- Official: Hindi, Urdu
- Regional: Awadhi; Bhojpuri; Braj; Bundeli; Bagheli; Kauravi;

= Languages of Uttar Pradesh =

Uttar Pradesh is a multilingual state with 3 predominant languages and 26 other languages spoken in the state. The languages of Uttar Pradesh primarily belong to two zones in the Indo-Aryan languages, Central and East.

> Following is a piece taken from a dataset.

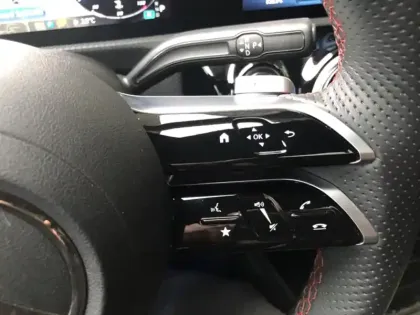 Photo 16 Mercedes Classe A 200 d AMG Line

After the state's official language Hindi (and co-official Urdu which is mutually intelligible), the Bhojpuri language is the second most spoken language with 25.5 million speakers or 11% of the state's population. Other languages spoken are Kauravi, Awadhi, Braj, Bundeli, Bagheli and Kannauji. However, the exact speaker numbers for the languages are not known because the more educated prefer to speak in Hindi (in formal situations) and so return this answer on the census, while many in rural areas and the urban poor, especially the illiterate, list their language as "Hindi" on the census as they regard that as the term for their language, though incorrect.

==Inventories==

Linguists generally distinguish the terms "language" and "dialects" on the basis of 'mutual comprehension'. The Indian census uses two specific classifications in a distinctive way: (1) 'language' and (2) 'mother tongue'. The 'mother tongues' are grouped within each 'language'. Many 'mother tongues' so defined would be considered a language rather than a dialect by linguistic standards. This is specifically the case for many 'mother tongues' with tens of millions of speakers that are officially grouped under the 'language' Hindi.

==Official languages==

The languages of state administration are Hindi, established by the Uttar Pradesh Official Language Act, 1951, and Urdu, established by the Amendment to the same in 1989.

==Other languages==
===Awadhi===

It is a major language spoken in the Awadh region of Uttar Pradesh.
===Bagheli===

It is spoken in Southeast corner of the state encompassing Banda, Chitrakoot and Southern parts of Prayagraj districts.
===Bhojpuri===

Bhojpuri is an Indo-Aryan language predominantly spoken in the Bhojpur-Purvanchal region located in the eastern part of Uttar Pradesh. It is widely spoken in several districts of Uttar Pradesh, including Varanasi, Gorakhpur, Ballia, Deoria, Kushinagar, Sant Kabir Nagar, Maharajganj, Chandauli, Mau, Siddharthnagar, Ghazipur, Sonbhadra, Jaunpur, Basti, Mirzapur, Ambedkar Nagar and Azamgarh.

===Braj Bhasha===

Spoken in Braj region and being related with Hindu deity Shri Krishna.

===Bundeli===

Spoken in Bundelkhand region of the state.
===Kannauji===

Spoken in Kannauj region.
===Kauravi===

Spoken in West parts of the bordering with Haryana and Delhi.

==Writing systems==

Devanagari is the main script used to write Uttar Pradesh languages, although Urdu is written in the Nastaliq style of the Perso-Arabic script. Kaithi was widely used historically.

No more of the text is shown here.